By John McClaughry
A decade ago I wrote a column entitled “Reactionary Liberalism.” That’s the pernicious practice of legislators who believe government ought to fund large programs, but who dare not face the wrath of taxpayers when they’re required to pay for those programs.
“Reactionary liberalism contrives to use the power of government to force third parties to shoulder the costs of its liberal agenda. Those third parties — usually private businesses — are then forced to raise their prices to cover the additional burden of supporting the mandated benefits.”
“Those additional costs are thus transferred from the business to its customers or ratepayers. And the perverse beauty of this, from the reactionary liberalism standpoint, is that the victims who are paying can’t figure out who to blame for having less money in their pockets.”
A month from now the most audacious reactionary liberalism idea for 2020 will be unveiled. It’s called the Transportation and Climate Initiative (TCI). The driving force behind it is, of course, the perceived (by some) pressing need to combat the Menace of Climate Change.
Since 2015, a coalition led by the Vermont Public Interest Research Group (VPIRG) has tried to peddle a $500 million a year carbon tax to make people quit burning carbon-based fuels, and at the same time generate lots of revenues for the government to hand out to needy groups, like solar farm developers, heat pump installers and electric car dealers.
But even the present overwhelmingly liberal legislature won’t buy it. So the climate change activists have hit upon another strategy.
Forty-three percent of Vermont’s carbon dioxide emissions come from transportation fuels burned by cars, trucks and motorcycles. So the activists have invented a 12-state agreement that will impose an annually escalating gasoline and on-road diesel fuel tax that every Vermont motorist, truck and bus owner will have to pay, but no legislator will ever have to vote for.
This is a reactionary liberalism dream: extract millions of dollars from people who can’t figure out why their motor fuel bills are steadily creeping up, and spread the revenues around to pay for “carbon reduction investments.”
The TCI was conceived by lawyers at the Georgetown University Law Center, mainly funded by the Rockefeller Brothers Fund. This is ironic because it was the grandfather of the five Rockefeller brothers, John D. Rockefeller, who made America’s greatest fortune by producing, refining and marketing fossil fuel.

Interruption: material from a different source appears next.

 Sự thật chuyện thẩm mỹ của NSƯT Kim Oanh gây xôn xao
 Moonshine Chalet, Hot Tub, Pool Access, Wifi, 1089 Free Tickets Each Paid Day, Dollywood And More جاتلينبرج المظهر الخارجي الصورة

The TCI is astoundingly — one might even say diabolically — complex. The details, not yet finalized, will emerge in a draft memorandum of understanding (MOU) scheduled to appear in December. After public input, the MOU will go to Gov. Phil Scott. His signature would put Vermont into the 12-state deal.
Then either the regulated terminals that supply motor fuel to 80 Vermont distributors, or the distributors themselves, will have to purchase “allowances,” the cost of which will be inconspicuously added into the price paid by consumers.
The TCI’s administrative body will decide how many allowances must be issued to sufficiently drive up the price of motor fuel, thus reducing the amount of motor fuel consumed, thus reducing to below an arbitrary TCI-set cap those awful carbon dioxide emissions that are driving the planet toward Al Gore’s heat death.
Did I mention that no legislator will ever vote on this stealth carbon tax? Gov. Phil Scott, alone, can plunge Vermont into this mega-scheme to sock Vermonters with a carbon tax that the TCI backers hope they’ll never figure out.
But Scott has repeatedly voiced his opposition to a carbon tax. What if he refuses to sign on to the MOU? Here’s another diabolical feature. If he doesn’t sign the MOU, Vermont motorists will still be forced to pay for the cost of the allowances hidden up the supply chain in Massachusetts and New York. But Vermont would not be eligible to receive its assigned share of the net revenues (after enormous enforcement and legal costs) from the TCI allowance sales.
Here’s the short takeaway. The TCI memorandum of understanding is designed to make Vermont consumers pay a steadily increasing carbon tax on their gasoline and diesel fuel. No legislator will ever vote on imposing this tax. It will just happen, courtesy of the Rockefeller Brothers Fund and the climate change warriors like VPIRG who extol its benefits. After 10 years of increasing motor fuel prices, the TCI will have produced no detectable effect whatever on climate change.
It will be a glorious triumph for reactionary liberalism. Just not for you.
John McClaughry is vice president of the Ethan Allen Institute.